* Exercise brief: Beginning with the line of the entries below that holds "Devora fuego vivienda Devora fuego vivienda" and ending with the line that holds "1. Этап. Фондю", transcribe each line exactly as written. Pictures stay out.

Data listing section start

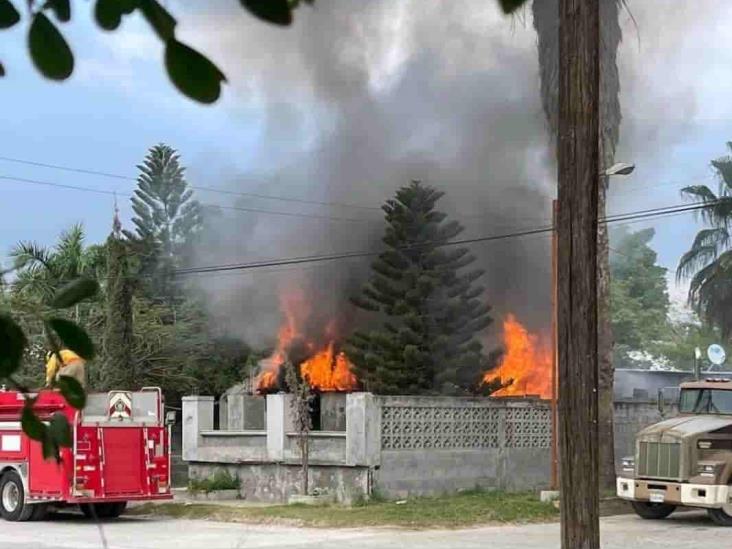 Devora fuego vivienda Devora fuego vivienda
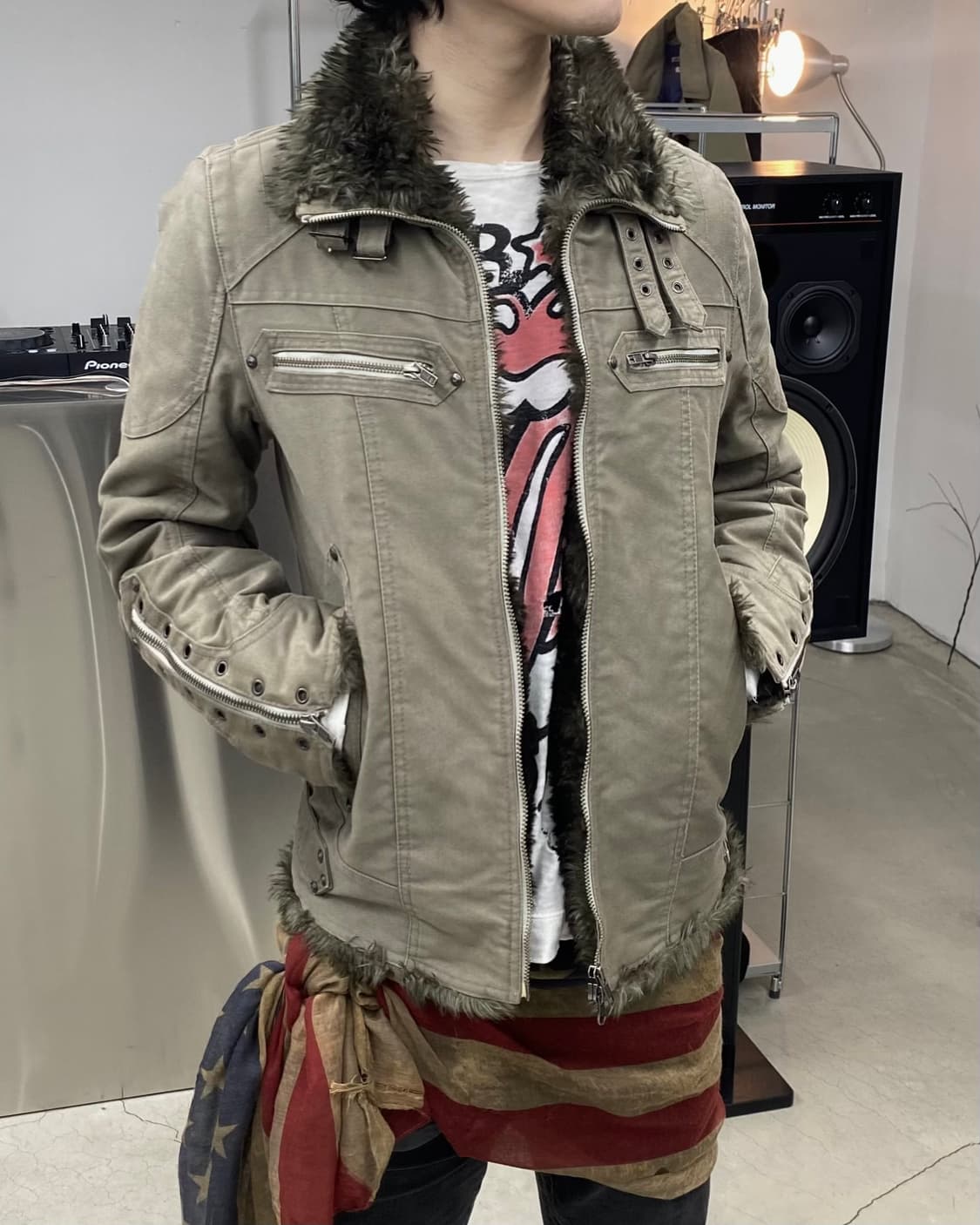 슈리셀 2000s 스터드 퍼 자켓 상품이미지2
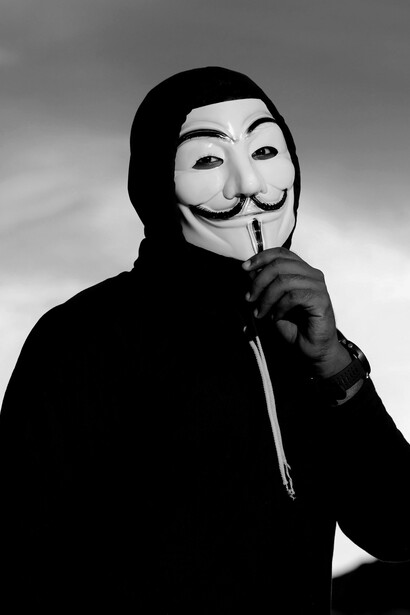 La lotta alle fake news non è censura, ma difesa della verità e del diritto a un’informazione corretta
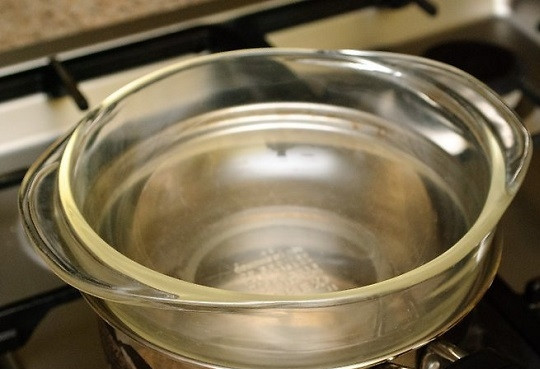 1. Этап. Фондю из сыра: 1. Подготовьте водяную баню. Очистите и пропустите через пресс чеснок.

Data listing section end
Data listing section start

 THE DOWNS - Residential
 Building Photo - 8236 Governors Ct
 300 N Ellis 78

Data listing section end

* Your solution:
 Devora fuego vivienda Devora fuego vivienda
 슈리셀 2000s 스터드 퍼 자켓 상품이미지2
 La lotta alle fake news non è censura, ma difesa della verità e del diritto a un’informazione corretta
 1. Этап. Фондю из сыра: 1. Подготовьте водяную баню. Очистите и пропустите через пресс чеснок.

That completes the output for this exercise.